▶ _Given material_:
__________
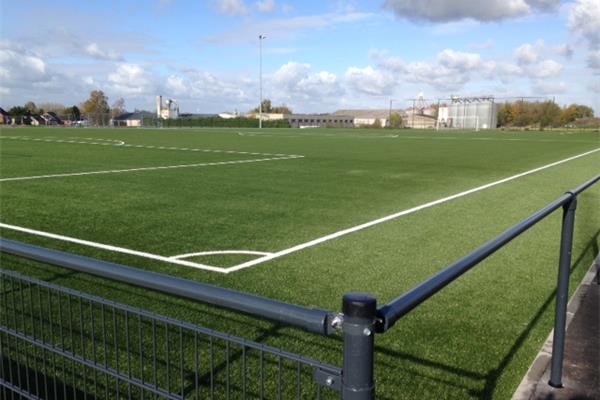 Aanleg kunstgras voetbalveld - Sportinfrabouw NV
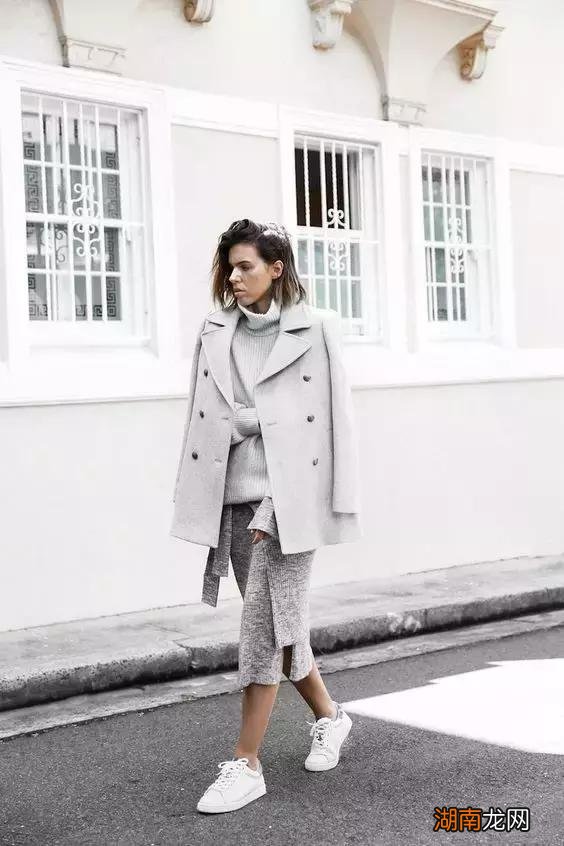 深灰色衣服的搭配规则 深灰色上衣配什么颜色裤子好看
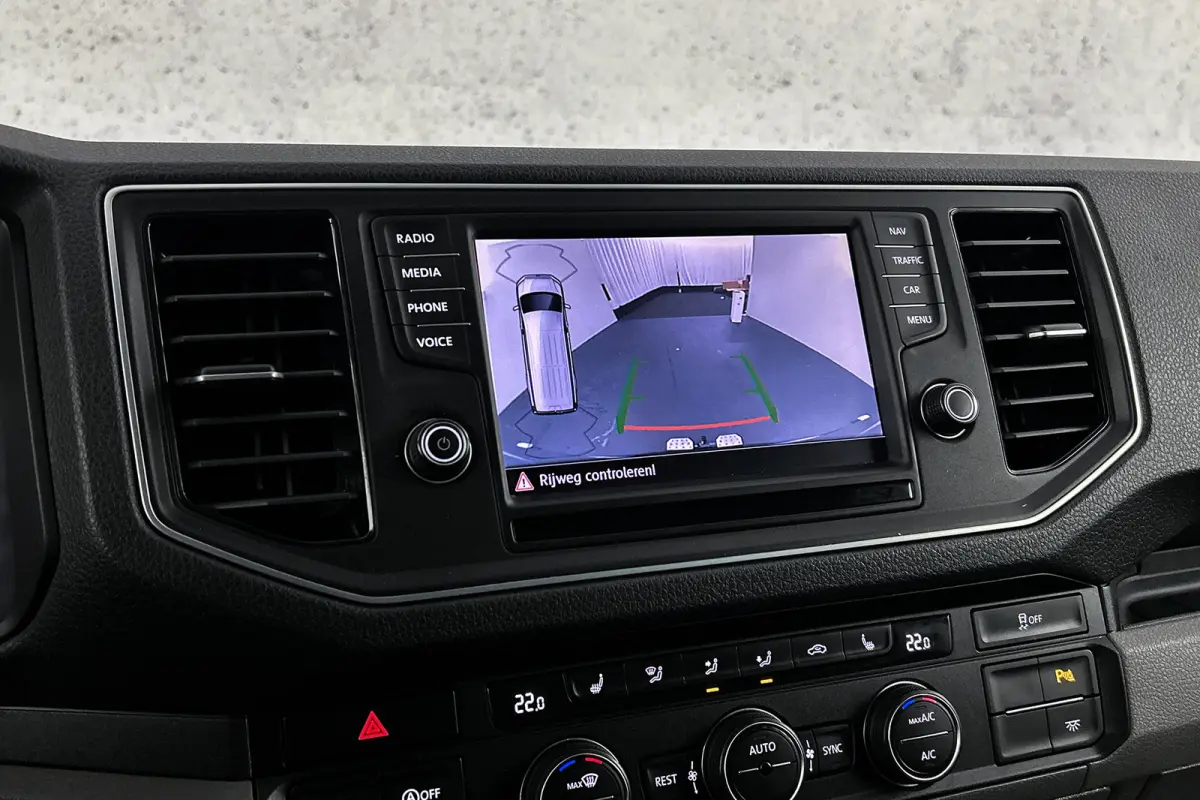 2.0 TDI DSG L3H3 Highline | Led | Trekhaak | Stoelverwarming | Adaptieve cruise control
__________
▶ _Exercise aim_: Output a faithful copy of the data, with each picture left out.

▶ _Written response_:
 Aanleg kunstgras voetbalveld - Sportinfrabouw NV
 深灰色衣服的搭配规则 深灰色上衣配什么颜色裤子好看
 2.0 TDI DSG L3H3 Highline | Led | Trekhaak | Stoelverwarming | Adaptieve cruise control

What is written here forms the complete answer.